Visual inspection of the change map seemed to indicate a trend in the distribution of bracken fern infestation. Two sites were selected as reference sites (referred to as site 1 and site 2) and their percentage change of fern growth was calculated. The pilot study found that there was significant misclassification of fragile fern in the supervised classified image compared to the fuzzy classification.
Discussion of results
- Discussion of GPS survey observations
- Discussion of pilot study
- Discussion of fuzzy classification
- Discussion of the post-classification comparison
- Chapter 5 summary
This discussion covers the results of the change detected in fern growth in the Park and Reserve from 2009 to 2011. There was a reduction in fern growth in the western and northern areas of the Park and the northern areas of the Reserve from 2009 to 2011 .However, classification maps indicated that bracken fern does not infest all areas of the Park and Reserve.
These three factors may contribute to the spread of bracken fern in the Park and Reserve. Further expansion of the fern encroachment poses a greater risk to biodiversity in the Park and Reserve. The field observations of fern growth increasing in the Park and Reserve supported the results of the classified images.
Conclusion and Recommendations
Review of objectives
The classified images were used to create classification maps that highlighted areas infested with bracken fern in the park and reserve in 2009 and 2011. The classification maps also made it possible to determine the extent of infestation in the park and reserve in 2009 and 2011. A classification change detection analysis of the classified images determined the changes in the distribution of bracken fern from 2009 to 2011.

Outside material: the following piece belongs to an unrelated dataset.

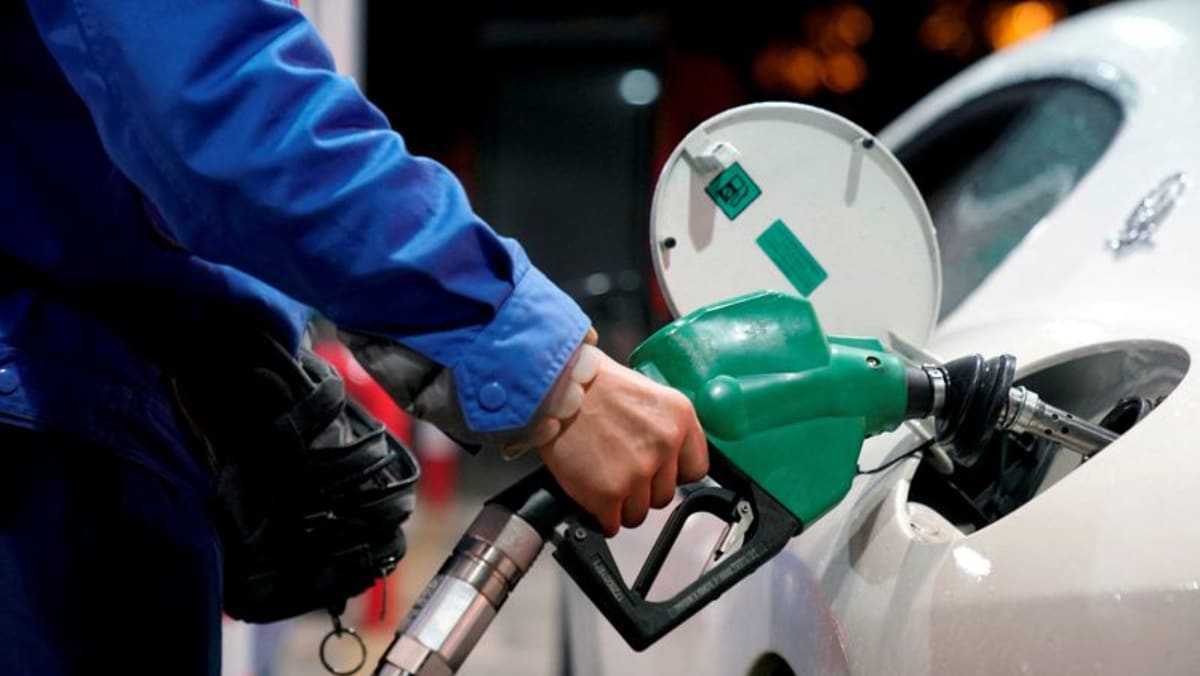 Ekspor bensin Tiongkok bisa mencapai titik terendah dalam 8 tahun terakhir di bulan Februari seiring dengan pulihnya permintaan dalam negeri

There were four locations where there was a noticeable increase in bracken fern infestation from 2009 to 2011. These three factors could be responsible for the increased spread seen in the park and reserve in 2011. These three factors were used to predict areas , which was at possible risk of bracken in the Park and Reserve.
Review of aim
Brittle fern infestation was found to be increasing in both the Park and Reserve from 2009 to 2011 by 24% and 27% per year respectively. Further investigation of the infested areas revealed that the majority of fern growth, 67.5% in the Park and 75% in the Reserve, occurred on slopes ranging from gentle to moderately gentle east-facing slopes, southeast or south and burned by fire regimes. . This leaves the possibility that areas in the Park and Reserve will not burn in fire regimes that have heavy fern infestations.
Limitation to research
Recommendations for further research
Further study of the factors that play a role in increasing the spread of bracken is recommended. Knowing these factors along with the rate of spread can also be used to model its spread in an area such as a Park and Reserve. If a system could be developed that models the spread of the fern, it would serve as a valuable tool for monitoring and controlling its spread.
Concluding Remarks
Biology and non-chemical control of bracken fern (Pteridium aquilinum (L.) Kuhn). http://www.gardenorganic.org.uk/organicweeds > [Accessed 13 April. Soil biology and biochemistry, 35, p. 1998) Decomposition of mixed pixels in remote sensing images to improve area estimation of agricultural fields. Evaluating the accuracy of weed mapping in fallow fields using airborne digital imaging: Panicum effusum in canola stubble. 2008) Introduction to Remote Sensing and Image Interpretation.
Cost-effectiveness of remote sensing for tropical coastal resource assessment management Journal of ambient management, 55, pp Multispectral image analysis using the object-oriented paradigm. An irregular cover: Bracken fern invasion in the changing cropping systems of Southern Yucatan, Mexico. International Archives of Photogrammetry, Remote Sensing and Spatial Information Sciences, xxxvii (Part B7), pp Review Article Digital Change Detection Techniques Using Remote Sensing Data.